I'm waiting on my user to re-run their job before
we'll know for sure, but it looks like it has to do
with a per-process memory limit, as suggested by Rob
and explained in some detail by Alan Nabeth.
The default per-proc-data-size is only 128MB, and we
most likely hit this. Using "limit -h" in the csh
set this up to the hard limit, which is a much more
reasonable (for us) 1GB value. It appears that
the process dying when memory was filled was a coincidence.
The process was indeed allocating memory on the fly, and it
evidently hit the limit.
Here's Alan's message - thanks to all who replied!
-------------------------------------------------------
There are per-process limits on virtual memory use that
nothing to do with available memory or page/swap use.

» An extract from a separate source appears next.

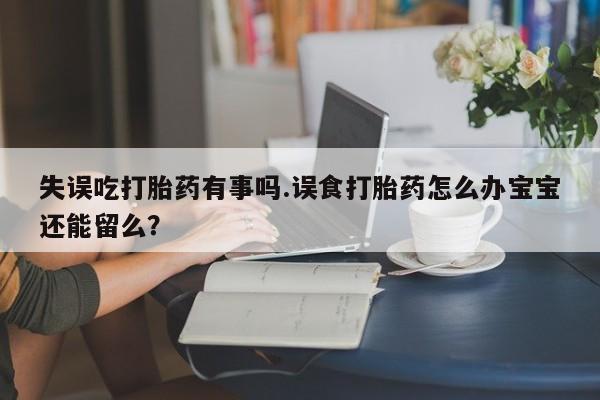 药流药货到付款失误吃打胎药有事吗.误食打胎药怎么办宝宝还能留么？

It could be that the program reached one of those. That
it happened when you would have expected the system to
start paging was probably coincedence.
The are three limits that apply; maximum virtual memory
use, data space use and stack space use. Each has two
values of interest, the maximum and the current limit.
Without changing the limits, the data size max. is 1 GB,
with the default limit being 128 MB. The stack size limits
are 32 MB max and 2 MB default. Most shells have built-in
command that allow changing the default up to the maximum.
Look for "limit" and "ulimit" in your shell's manual page.
The following sysconfigtab parameters control these
limits:
per-proc-stack-size
max-per-proc-stack-size
per-proc-data-size
max-per-proc-data-size
max-per-proc-address-space
per-proc-address-space
These are part of the "proc" subsystem. There's also a
"vm" subsystem wide limit that controls the maximum virtual
address space avalible; vm-maxvas.
From the description it sounds like the process hit the
default 128 MB data size limit. Since the process was
already running it was probably allocating memory dynamically
and would have gotten a NULL point back from malloc or
sbrk. Why it died depends on how it would have handled
the error.
The quick and dirty check would be to use the shell to
raise the data-size limit and try again. If it makes more
progress than you want to look at raising the default
value for everybody.
Received on Fri Sep 08 2000 - 20:37:20 NZST